Before that, news outlets reported on a costumed Super Mario who allegedly groped a woman, an expletive-laden rant from Batman, brawling Statues of Liberty, a Cookie Monster who allegedly shoved a boy, and a Toy Story Woody who was arrested on sex charges.Even so, whether it's a man dressed as Elmo or a semi-nude woman posing for tips, Times Square is everyone's to share, says Gabriel Russell, who works in the area.

'Milking people for money'
"I don't care how naked they are, it's just like the Elmo costume people to me. The fact they're milking people for money is what's morally questionable," he said.

"But we're moving towards a world where there are fewer and fewer cars, more pedestrians, and this is our public space."

There's nothing illegal about women going bare-breasted in New York. Indeed, the "painted ladies" regularly pose with tourists just metres away from the NYPD Times Square precinct's doors.

They've done so for three years, said Oliveri, who paints the women. But nobody raised a fuss until this summer due to media attention, he said.

Tompkins said Times Square has operated under a general code that "quirky is fine, but creepy is not."He feels tackling issues of conduct can be separated from discussions of how cities ought to allocate public space.

Sitting in Times Square, Delaware visitors Kim and Bill Allen were more intrigued than offended by the bare-breasted women being painted a few tables away.

But they took a strong view against any proposal to rid the area of the wide pedestrian zones.

'You can turn your chair'
"In New York, you're liable to see anything. You don't want to see it, you can turn your chair," Kim Allen said.

"More importantly, I think taking down this pedestrian side would be a big loss. We can relax and talk and meet and greet. It wasn't like this when I was growing up here in the '60s."

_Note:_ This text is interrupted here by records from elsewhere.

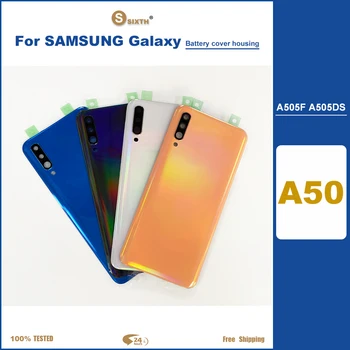 עבור Samsung Galaxy A50 2019 A505 הסוללה הכיסוי האחורי Samsung A505F A505DS דיור חלופי+עדשת המצלמה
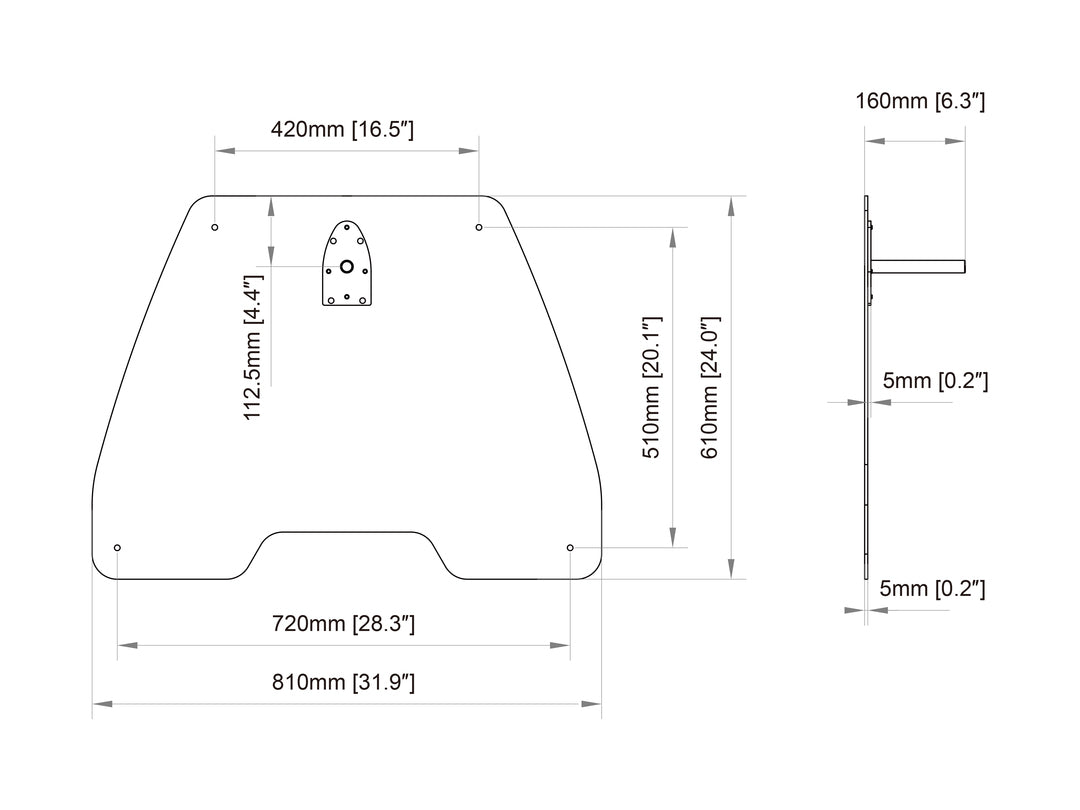 Multibrackets M Pro Series - Large Floorplate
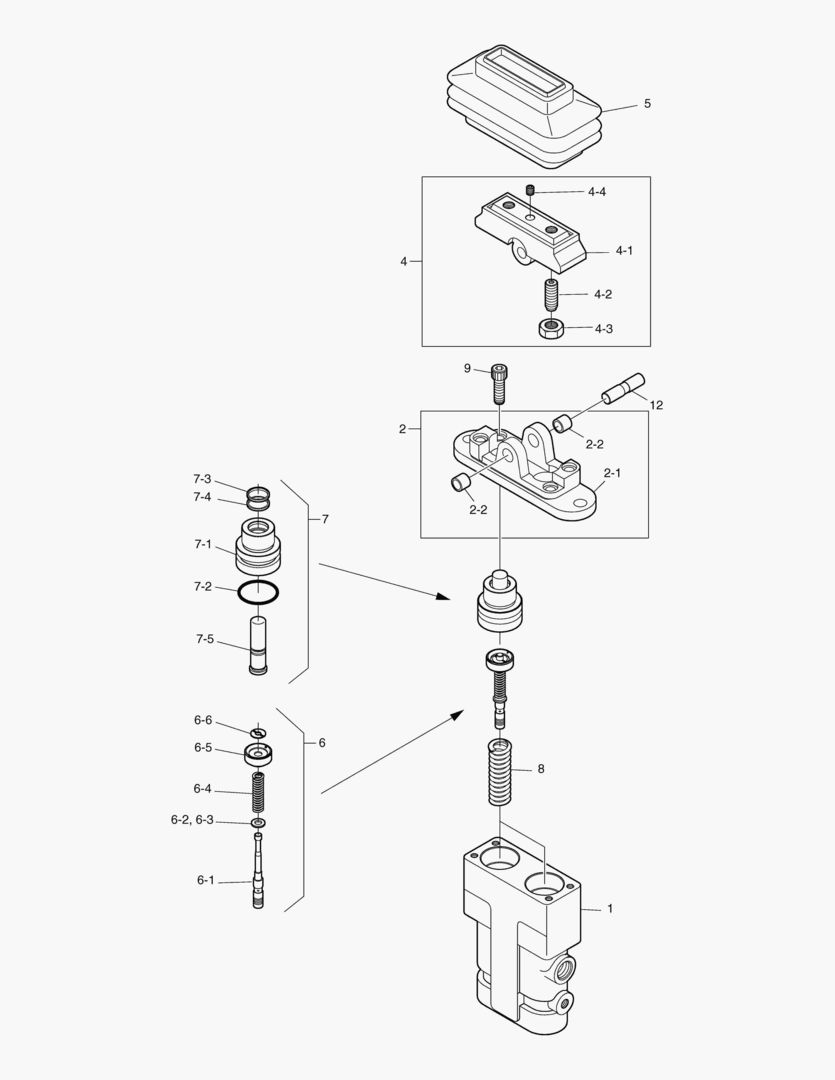 КЛАПАН ПЕДАЛЬНЫЙ - 2 ПУТИ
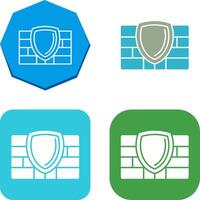 Firewall Icon Design vector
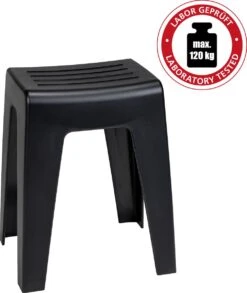 WENKO Badkamerkruk Kumba 38x47cm In Zwart Kunststof - Douchekruk -Badkamer Producten Winkel 1010x1200 2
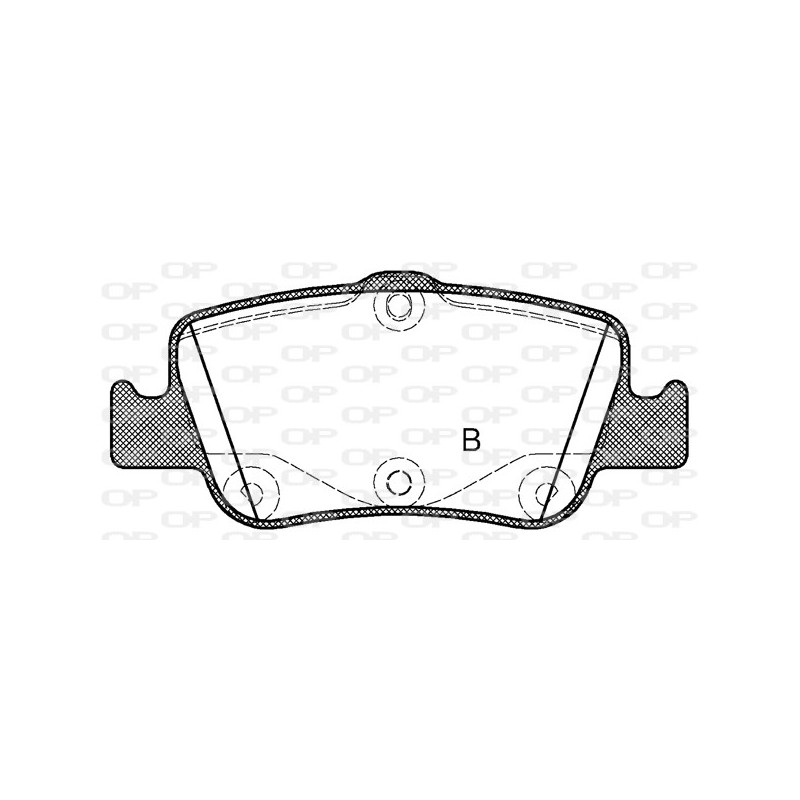 Jeu de quatre plaquettes de frein à disque OPEN PARTS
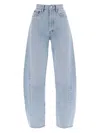 Agolde Henson Rigid Low-rise Wide-leg Jeans In Light Blue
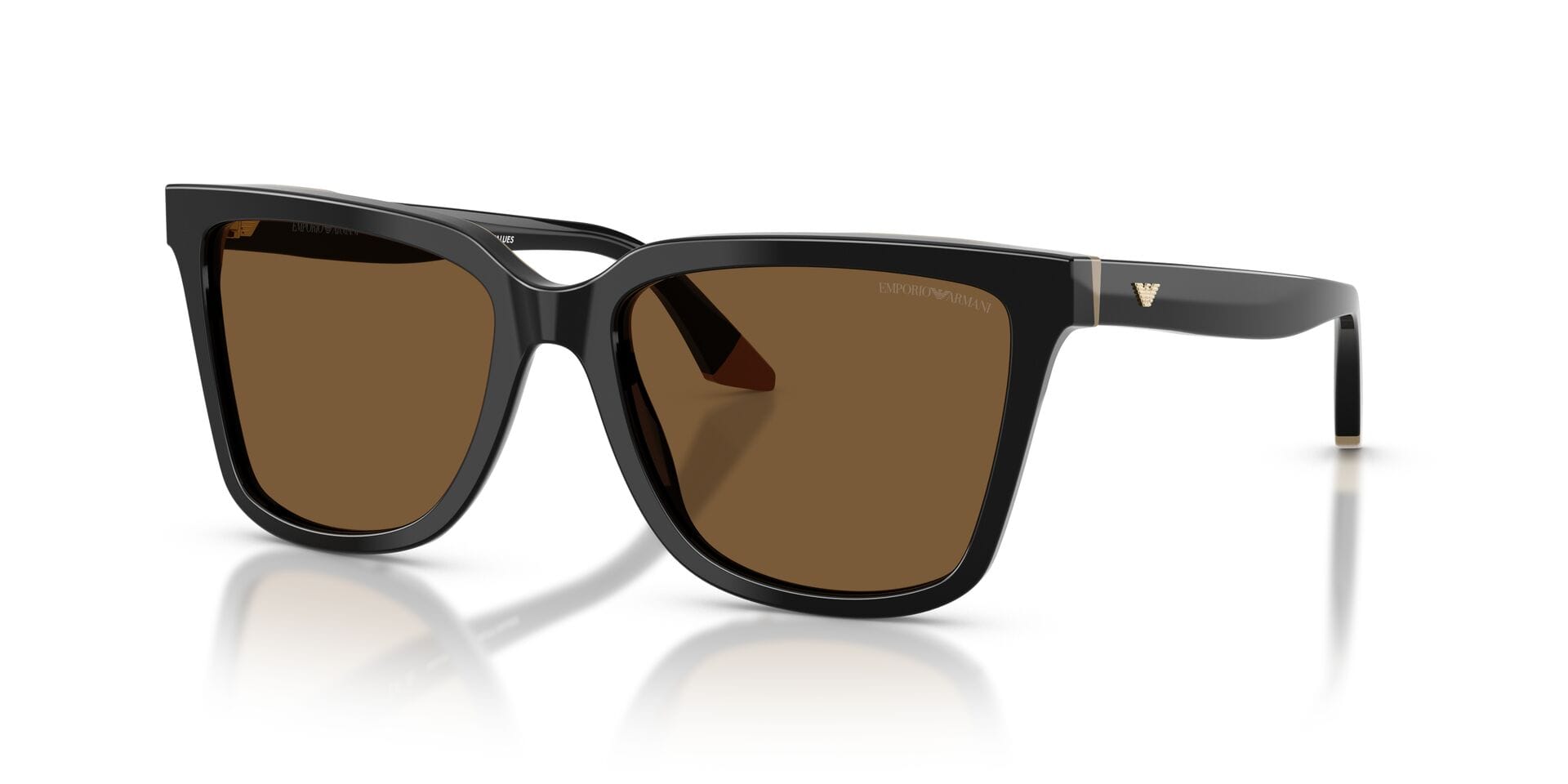 Emporio Armani EA 4261F 6313/73 3N 0EA4261F Sunglass Black Female Full Shel Sunglass — view 1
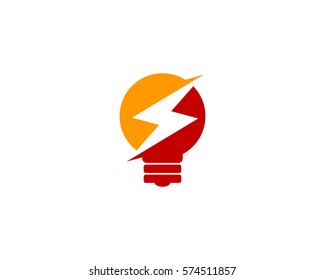 Light Power Energy Logo Design Element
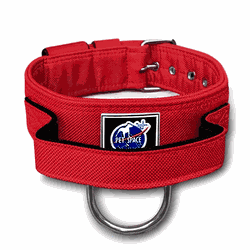 COLEIRA TÁTICA 5cm COM ALÇA vermelha - 1306 - PETSPACE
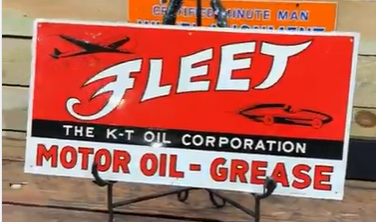 Fleet Motor Oil Grease SST Sign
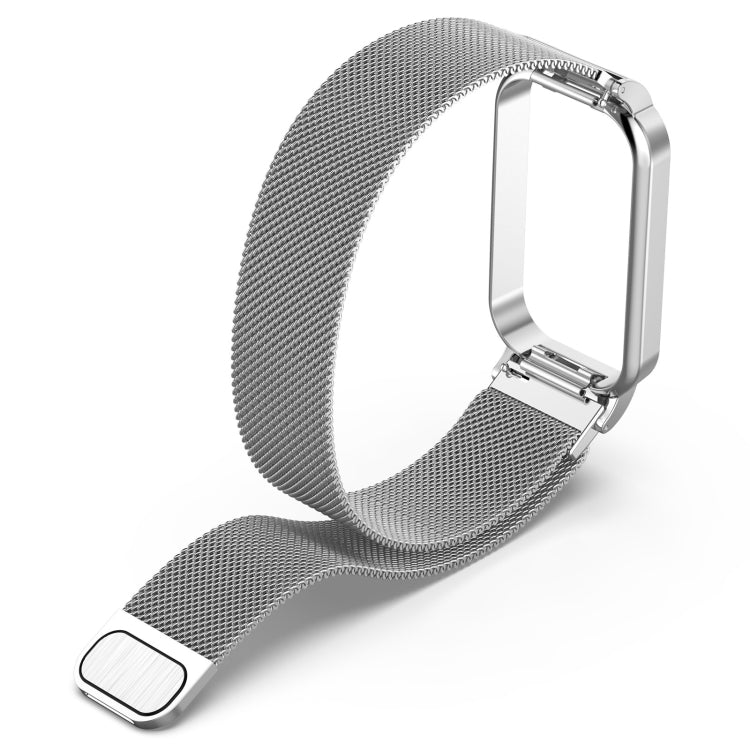 For Redmi Band 2 2 in 1 Milan Metal Watch Band(Silver) - Watch Bands by buy2fix | Online Shopping UK | buy2fix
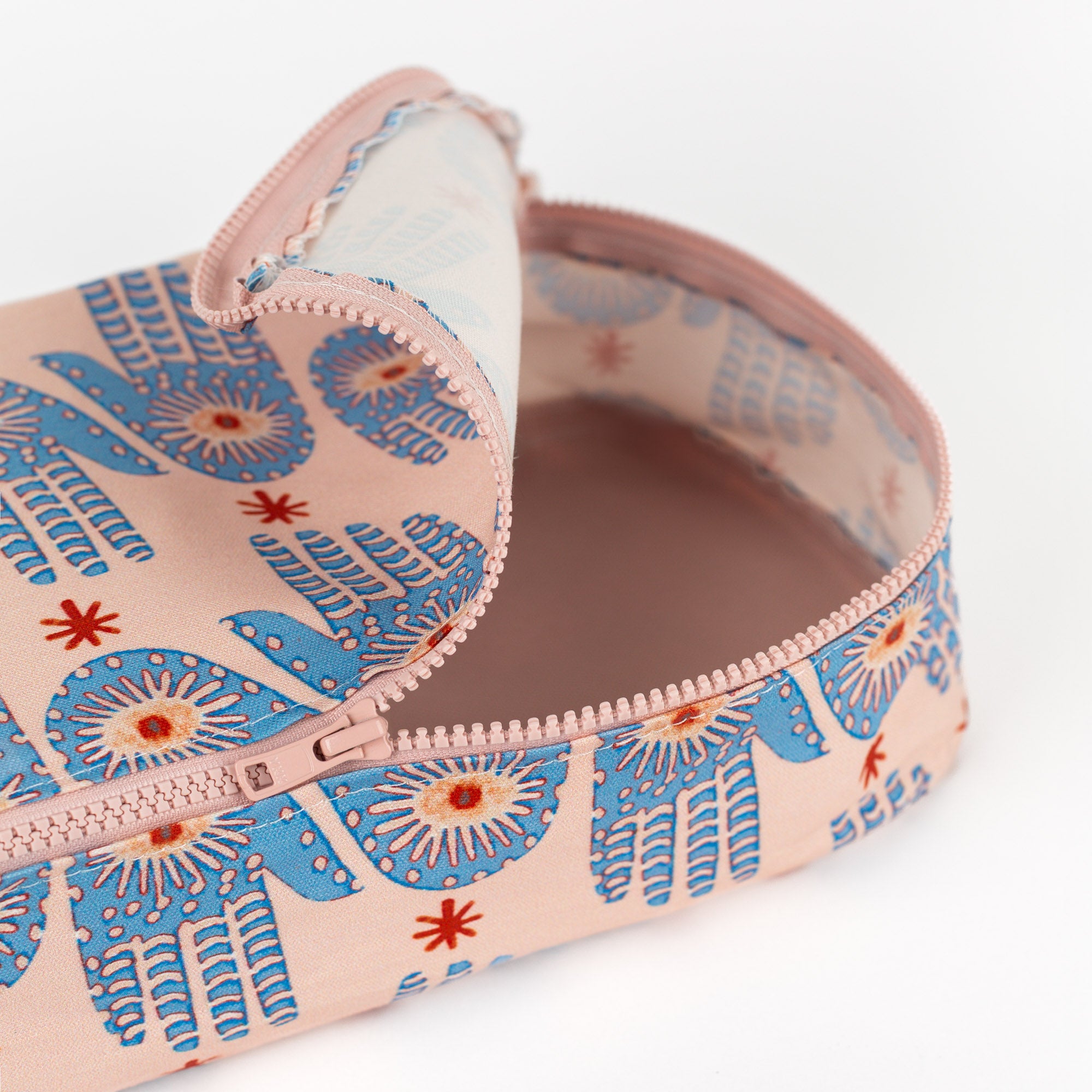 Hamsa Packing Cube in Pink & Periwinkle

Indeed, as she spoke, the Naked Cowboy — a Times Square fixture who has for years gone shirtless, sporting only cowboy boots, hat and briefs — strummed his guitar and made his way southward.In a way, Bill Allen added, the convergence of personalities and clashing ideas is what earned Times Square its reputation as the Crossroads of America.

"You got somebody just over there with the religious sign, 'Jesus is the lord,' and you got a lady over here getting painted," he said.

"In a 30-foot circle here, I'll bet you can get 30 different points of view. Now isn't that's just what makes America America?"